Okay, I can talk about 2 first points initially and then you can talk about hedging. When we think about this, we see a slight cost recovery in terms of unit costs. We see this particularly, probably in the drilling market coming up now initially, but there are still lots of capacity left untapped. So how this will actually impact the market is highly dependent on what kind of capacity gets contracted and how the prices end up. But they will also be impacted by the fact that we've over the last couple of years seen a significant improving productivity. So even if you're kind of going back to the number of wells drilled on the exploration side, as an example, to what we saw back in 2008 and 2009, we see that the productivity levels are higher, meaning that less drilling days will be necessary to drill out the same number of targets. That will keep a downward pressure on prices. So in total, how this will pan out is a bit difficult to say from where I stand today. We are focusing almost solely on flow efficiency and productivity because we think our ability to impact on unit prices is rather limited as a small E&P player in a pretty big market. But we think our execution model, particularly as it pertains to the alliance model, gives us higher productivity and therefore higher flow efficiency and therefore lower cost per amount of work carried out in the end versus other normal execution strategies. When it comes to the M&A market, 2017 has been an incredibly active market on the Norwegian Continental Shelf with a lot of transaction closed, both in terms of straight sales, mergers, and acquisitions, some of them were more inventive formats and schemes.

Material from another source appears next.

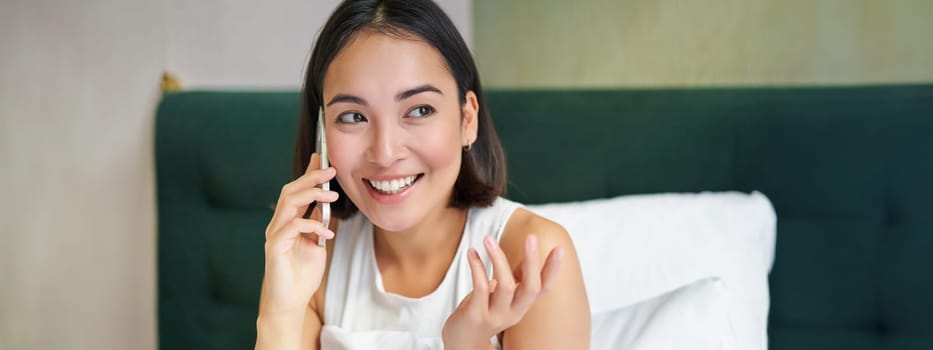 Close up portrait of cute asian girl in bed, talking on mobile phone with happy smiling face. Woman waking up and making a telephone call.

It's not completely ruled out that this won't continue out in 2018 as prices increase and therefore also as the price-ask merge. However, you could also find that the activity decrease as sellers get more optimistic on their outlooks from their existing assets. So again, it's a little bit hard to judge, but it's definitely going to be interesting.

A
Alexander Krane
Chief Financial Officer

On hedging, on FX hedging, we have in the past been hedging I think it's around 40% or so that we've tried to hedge on the NOK exposure, but we very much think that this company as a U.S. dollar-denominated company. So it's still NOK OpEx and it's NOK CapEx predominantly on Sverdrup that we're trying to hedge. I think recently and as we speak, we are more actively hedging the point estimates on Texas. So when we're expecting to get a tax refund, we are hedging that exposure just by using forward contracts. So it's a $1.5 billion tax refund, and we are, as we speak, trying to hedge a significant part of that which is a NOK exposure.

U
Unknown Executive

Okay. I think that concludes the Q&A round and therefore also the Q4 presentation. So thank you both those in the room and those on the web. Thank you so much.